# Camping and Fly fishing the Rockies



## Padre (Jul 29, 2016)

I don't know where else to put this. Maybe "Fishing Trips and Adventures" would be a good section to add. 
So we did the Colorado section of the Shadow of the Rockies trail, which the southern portion to Buena Vista is also the Trans America Trail. It is almost an all off-road trail of Colorado from New Mexico to Wyoming. We started in Branson, CO, which is mainly rural gravel roads until you cross under I-25 and get to Viana Canyon. We didn’t start until around 2 PM so we only had a couple of hours before we had to start looking for a place to camp. A lot of the land around this section is private so it was difficult to find something. But we finally found some on public land. No one had camped there before so we made our own fire ring. I have the coordinates so if you are in this section and would like them, message me. It would make a great camp site. It was up a ridge away from the road but you will definitely need 4 wheel drive to get up there. This campsite was off Bear Creek Road before you get to Le Veta

The next day, we continued on through Le Veta. At State road 69, the SotR trail joins the Enchanted Rockies trail. At one point, they separate and come back together. We took the ER trail as it looked more technical and it took us up to 11,000 feet. We took a side trip to look at Bishop Castle. There is a great story behind that. Apparently this man has been building this castle all by himself all his life. We saw him out there, wheelbarrow in hand, hauling rocks up continuing his work.

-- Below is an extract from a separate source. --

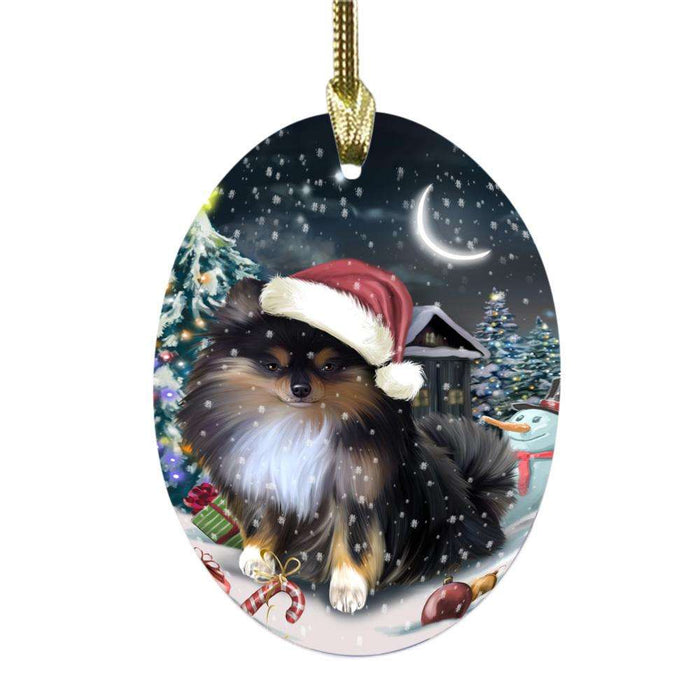 Have a Holly Jolly Christmas Happy Holidays Pomeranian Dog Oval Glass Christmas Ornament OGOR48194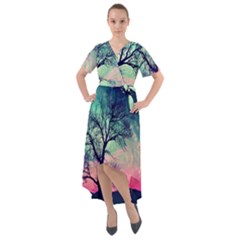 Tree Abstract Field Galaxy Night Nature Front Wrap High Low Dress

After that, the ER trail breaks off at Johnson gulch and heads for the Garden of the Gods. We kept on, having lunch in Westcliff and then on through Cotopaxi. We ended up camping about 10 miles north of Cotopaxi around Stoney Face Mountain. Our 1st night above 10,000 feet. It got down to 28 degrees that night but it was nothing that our Mr. Buddy couldn’t handle.

The next day, we traveled through Salida and had breakfast and then stopped at the Next Eddy Fly shop to get some waders for my buddy and some flies. We hadn’t fished up to this point because we wanted to make sure we could get Tin Cup Pass in. So we headed up to Tin Cup. There was snow on the trail and we could only make out one other set of tracks. So it seems only one other vehicle had gone before us. It was awesome. It was my 1st pass like this. I had it in 4 low the whole way, mainly in 2nd gear but sometimes in 1stto crawl over some rocks. My Mojave is a standard transmission but allows me to crawl in 1st and even 2nd so I don’t have to use the clutch. At the top, we celebrated with a shot of Tin Cup Bourbon. There was much more snow on the backside. So much that you couldn’t even see the trail on Old Tin Cup, so we didn’t take that.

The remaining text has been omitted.